# Phal. philippinensis



## SlipperFan (Apr 6, 2012)

I decided I'd better take a photo of this plant, even though I gave away a few flower to an orchid-breeder friend.

2 views:


----------



## Lanmark (Apr 6, 2012)

What a beautiful cloud of butterflies!


----------



## paphioboy (Apr 6, 2012)

super gorgeous!


----------



## John M (Apr 7, 2012)

Oh, that's really, really nice, Dot!


----------



## Hera (Apr 7, 2012)

Nice display. I like the lip on that one.


----------



## Erythrone (Apr 7, 2012)

Gorgeous!!!!!!!!!!!!!!!


----------



## Shiva (Apr 7, 2012)

Very lovely!

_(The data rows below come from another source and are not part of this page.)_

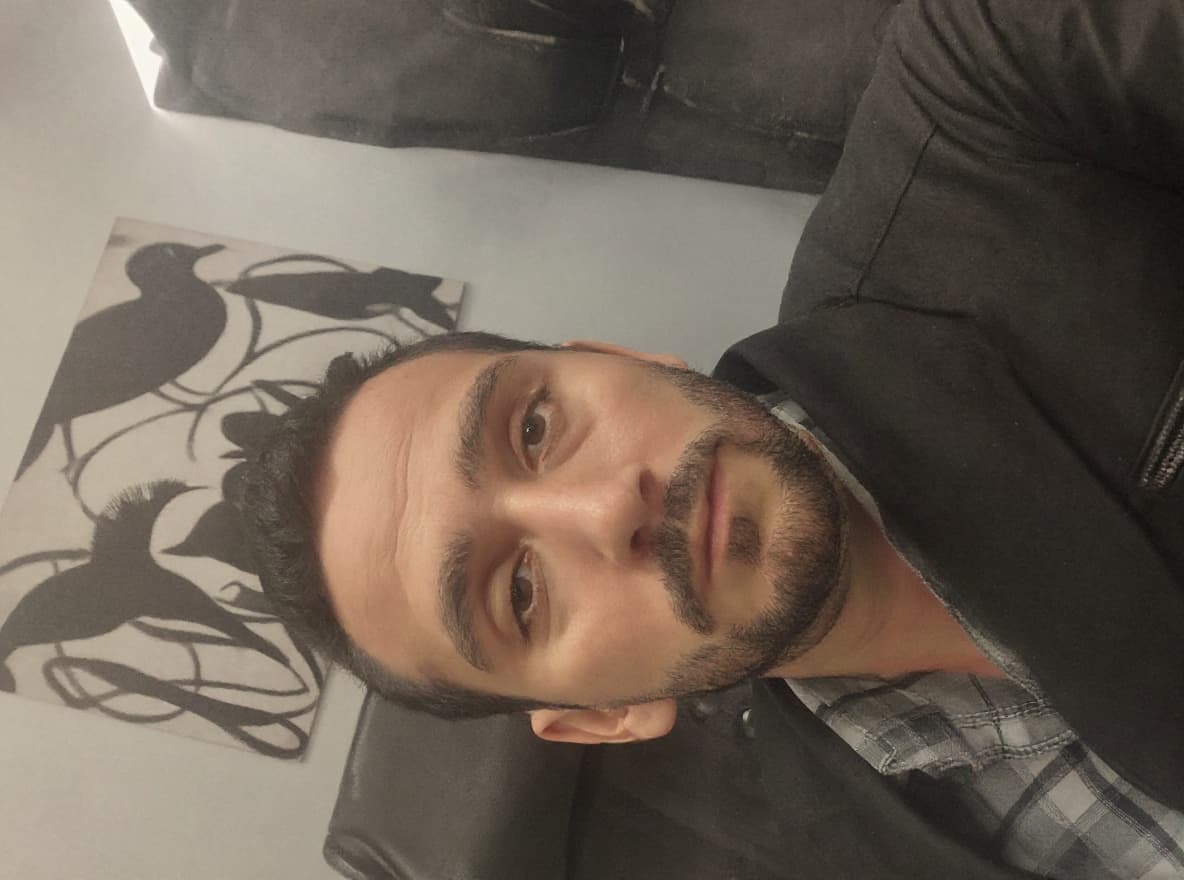 AI generated: 
Here's a detailed midjourney prompt based on the image you provided:

"Portrait of a man deeply foc...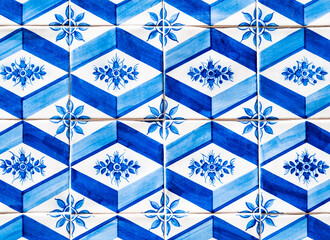 Typical tiles with blue and white rhomboidal shapes and floral themes, adorning the facades of the houses in Porto, Portugal
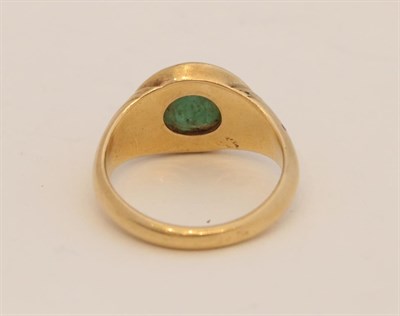Lot 154 - ~ A Green Glass Signet Ring, the oval intaglio seal, inset into a yellow tapered shank, finger size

I'm totally clueless about phalaenopsis growing.


----------



## Rick (Apr 7, 2012)

That's beautiful Dot.:clap::clap:


----------



## W. Beetus (Apr 7, 2012)

That's a pretty spectacular display!


----------



## koshki (Apr 7, 2012)

I must say that your photos sure beat the ones I took with my camera phone! LOL...congratulations Dot, it is gorgeous!


----------



## emydura (Apr 7, 2012)

Simply amazing Dot. What a stunning display.


----------



## petro (Apr 7, 2012)

That is really stunning! Great growing there!


----------



## JeanLux (Apr 8, 2012)

Beautiful !!!! Jean


----------



## The Mutant (Apr 8, 2012)

Wonderful picture of a gorgeous plant! I'll have this pic as a motivator for my philipenensis when it arrives. If I show this photo to it everyday, it should feel motivated to grow like heck.


----------



## Stone (Apr 8, 2012)

Splendid! Its on the list.


----------